The rattling of the hull grows louder.

And at the border of the cold tingle of my nerves and the live wire of the machine, at the junction of the link-ports along the back of my head, my neck, my shoulders, my wrists, a neural response from the AC's systems presses upon mine. It is not cold and impersonal, the live wire of camera data and attitude control feedback down my spinal column.

It's warm. I feel it just behind my eyes, an infinite web of scarlet veins running parallel to my own. 

She's warm. I am wrapped in a shroud of Coral impulses, flooding through the wiring of my AC, and caressing my own flesh as close as she can. I feel my head, at long last, release the tension of holding still, and rest against my seat. The port there hums: the high whine of electricity over the bassy tone laying deep beneath Ayre's voice.

And she does hum, a sigh, almost of relief, through my mind, down my nerves, through the speakers of my AC's cockpit.
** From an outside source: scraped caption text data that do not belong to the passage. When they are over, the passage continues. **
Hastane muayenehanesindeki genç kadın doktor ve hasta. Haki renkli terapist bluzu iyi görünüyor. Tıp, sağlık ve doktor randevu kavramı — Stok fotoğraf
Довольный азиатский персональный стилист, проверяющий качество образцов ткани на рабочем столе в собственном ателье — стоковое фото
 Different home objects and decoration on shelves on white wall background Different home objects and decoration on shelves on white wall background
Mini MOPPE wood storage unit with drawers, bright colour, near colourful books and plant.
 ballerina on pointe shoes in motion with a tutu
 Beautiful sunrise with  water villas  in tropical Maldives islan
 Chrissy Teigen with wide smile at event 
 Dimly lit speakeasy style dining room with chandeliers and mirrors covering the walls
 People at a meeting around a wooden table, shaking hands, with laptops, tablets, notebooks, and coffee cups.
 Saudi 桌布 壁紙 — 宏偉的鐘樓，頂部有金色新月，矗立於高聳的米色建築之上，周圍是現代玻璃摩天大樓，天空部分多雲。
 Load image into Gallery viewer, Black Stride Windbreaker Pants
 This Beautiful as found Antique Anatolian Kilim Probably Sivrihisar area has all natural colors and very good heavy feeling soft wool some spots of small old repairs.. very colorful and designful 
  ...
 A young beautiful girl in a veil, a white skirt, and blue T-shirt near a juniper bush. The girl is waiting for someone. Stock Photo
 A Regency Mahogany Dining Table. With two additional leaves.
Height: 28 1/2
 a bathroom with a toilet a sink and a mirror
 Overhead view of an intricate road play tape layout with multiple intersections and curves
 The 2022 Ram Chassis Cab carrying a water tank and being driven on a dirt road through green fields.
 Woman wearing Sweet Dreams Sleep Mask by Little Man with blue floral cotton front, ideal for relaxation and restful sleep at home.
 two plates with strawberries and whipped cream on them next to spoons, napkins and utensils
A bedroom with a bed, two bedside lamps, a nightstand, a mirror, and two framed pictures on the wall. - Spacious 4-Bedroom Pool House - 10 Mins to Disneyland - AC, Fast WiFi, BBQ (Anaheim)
The rattling reaches a fever pitch, the thrusters whine and hiss against the uncompromising cruelty of the approaching planet, and her voice reaches me.

"I've got you."

Notes:

seized onto the inspiration when it struck and wrote this little drabble. i think a lot about characters in ac6 being essentially represented by their armored cores. i think about how ayre's the only person who even bothers naming raven. i think about how she only even exists as a disembodied voice, or as an AC. i think about the intimacy of trusting someone with yourself. auuughhh....

for people who care (big nerds like me) this raven's AC, One Who Dared, is dual-zimm-shield with laser drones, ephemera head/core, firmeza arms (one red, one blue), mind alpha legs, white with a Coral-themed decal on the left chest. it looks Gender as fuck where full ephemera is fem-coded and nobody can debate me on this.